» To do: Give every line of the data again, unchanged, but with no pictures.

» Supplied information:
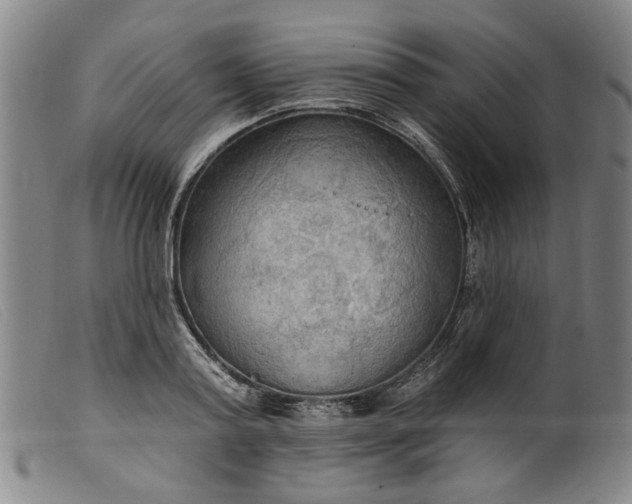 X0000099420795200805231628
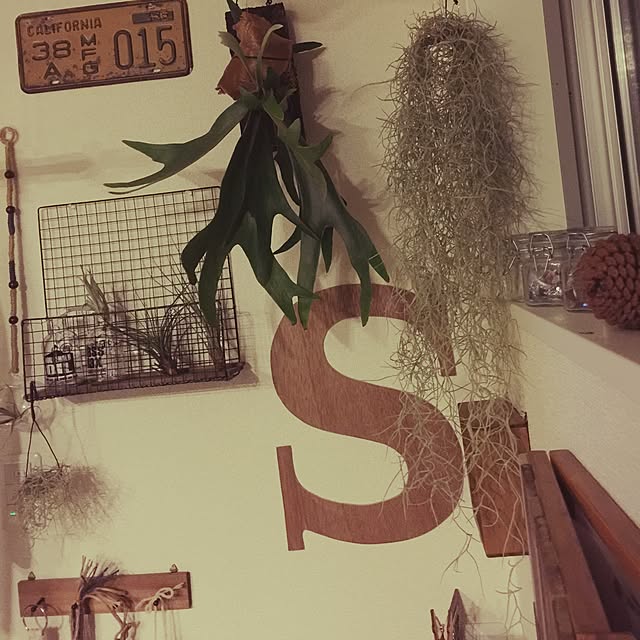 sykさんの実例写真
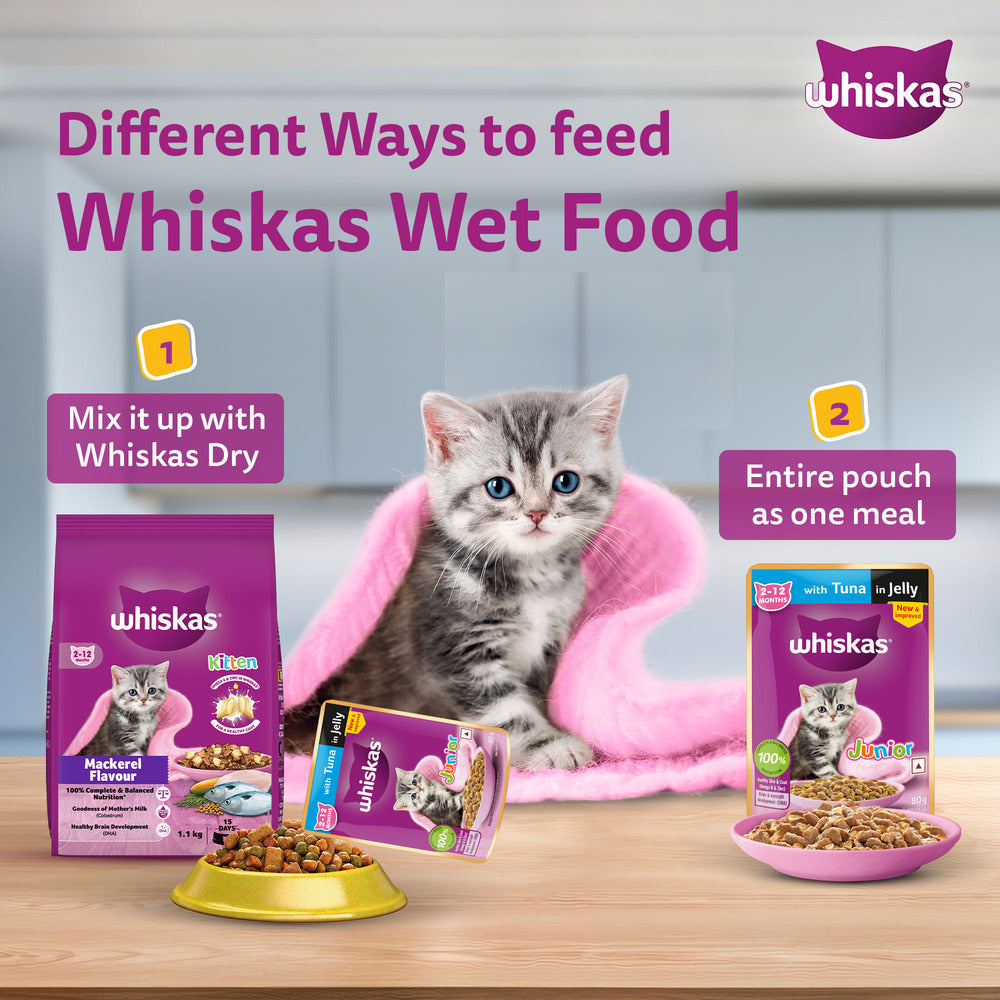Whiskas Chicken With Salmon In Jelly Wet Food For Junior (2-12 Months) Kitten - 80 gm Pack - Heads Up For Tails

» Reply to the exercise:
 X0000099420795200805231628
 sykさんの実例写真
Whiskas Chicken With Salmon In Jelly Wet Food For Junior (2-12 Months) Kitten - 80 gm Pack - Heads Up For Tails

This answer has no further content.